Jordi – Travelling, particularly as a solo woman, has offered me assertiveness, adaptability and perspective. Travelling by yourself means that you have to take risks, set boundaries and rely on your own abilities to get yourself to where you want to go. Upon returning to Australia, I have begun to reject the notion that there is something fundamentally distinctive about travelling that can’t be gained by simply being adventurous and open-minded in your own country. Travel is an intense experience that forces you to get outside of your norm and be open to new experiences…but at the end of the day, curiosity will lead you to phenomenal people and experiences regardless of where you are.
Bianca – For me, it was an understanding of a different way of life. A super busy yet lower stress and fun focussed lifestyle. I’ve also really gained an appreciation of living with far fewer material items and a greater willingness to allocate money towards experiences. And of course, I have gained valuable experience in my profession which has opened up a number of future career prospects.

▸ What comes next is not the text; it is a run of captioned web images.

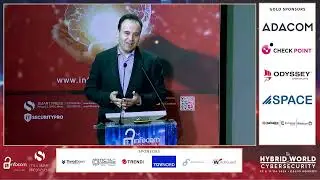 14&omicron; Infocom Security 2024 -  Day 1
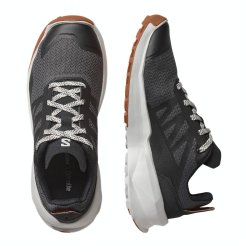Взуття Salomon Patrol J - чорне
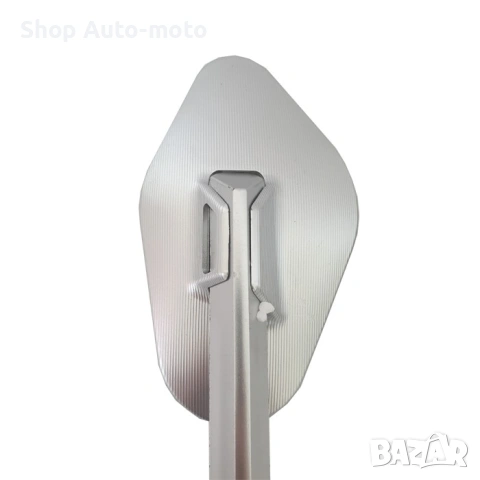 Огледала за мотор-2156, Ф8мм и Ф10мм, 2бр, снимка 4 - Аксесоари и консумативи - 54241088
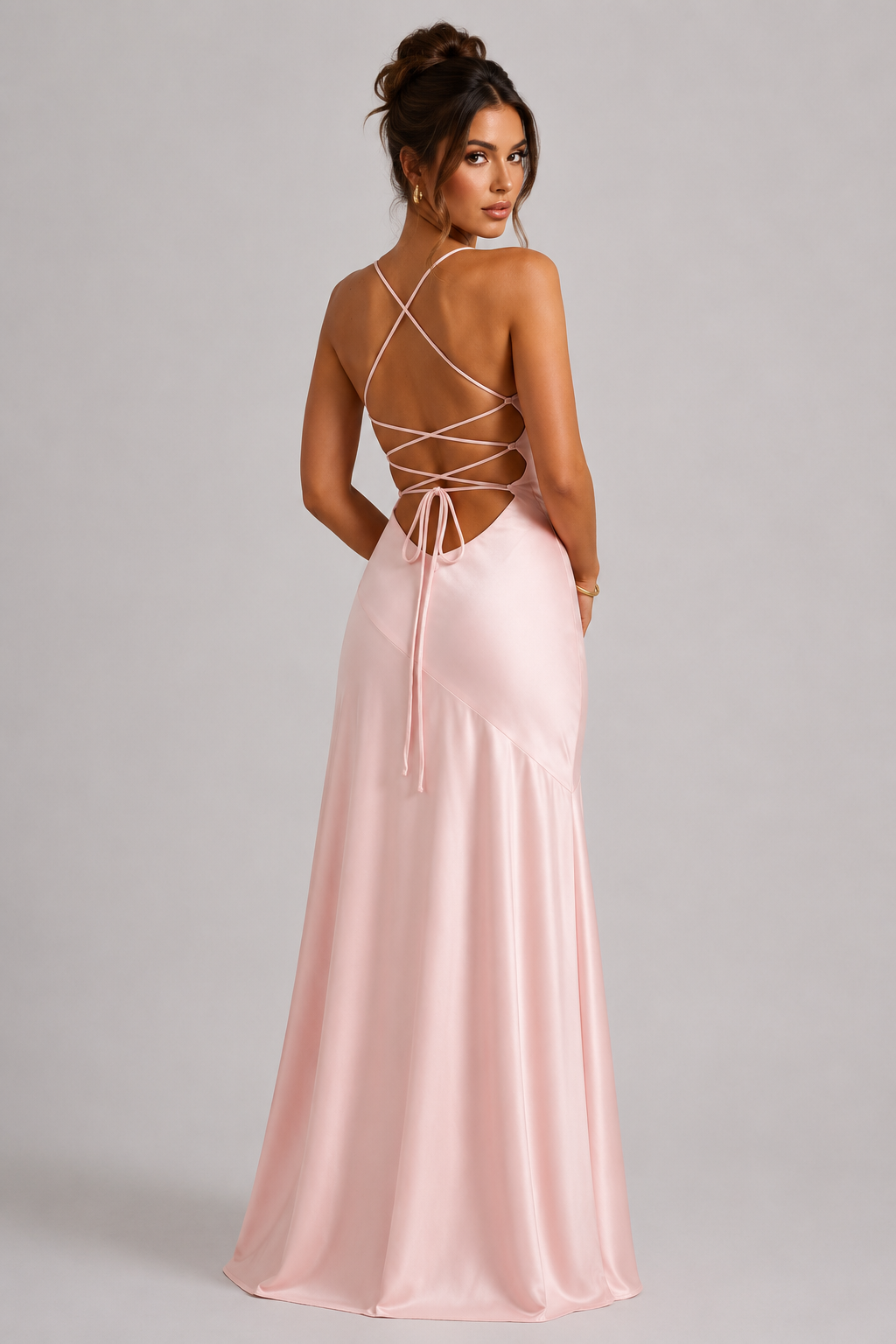 Samira Dress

Any advice for others wanting to skip the country in search of a worldly adventure?
Joy – Be ready to spend and not save as much as you’d like – it’s a hard truth but remember you are doing this for the experience which is priceless. There will never be the perfect time and things come up, but you only live once so be selfish. Change is good; no one looks back and regrets the years they spent abroad.
Monika – Firstly, don’t think twice about it. Even if you struggle or you’re miserable, it will teach you so many things about yourself and the world. Second, you don’t need ‘things’. I think people worry about what to do with all of their belongings. You can buy new “stuff” wherever you are. Spend your energy on people and experiences and less on material things. Third, go on lots of adventures. And take lots of photos.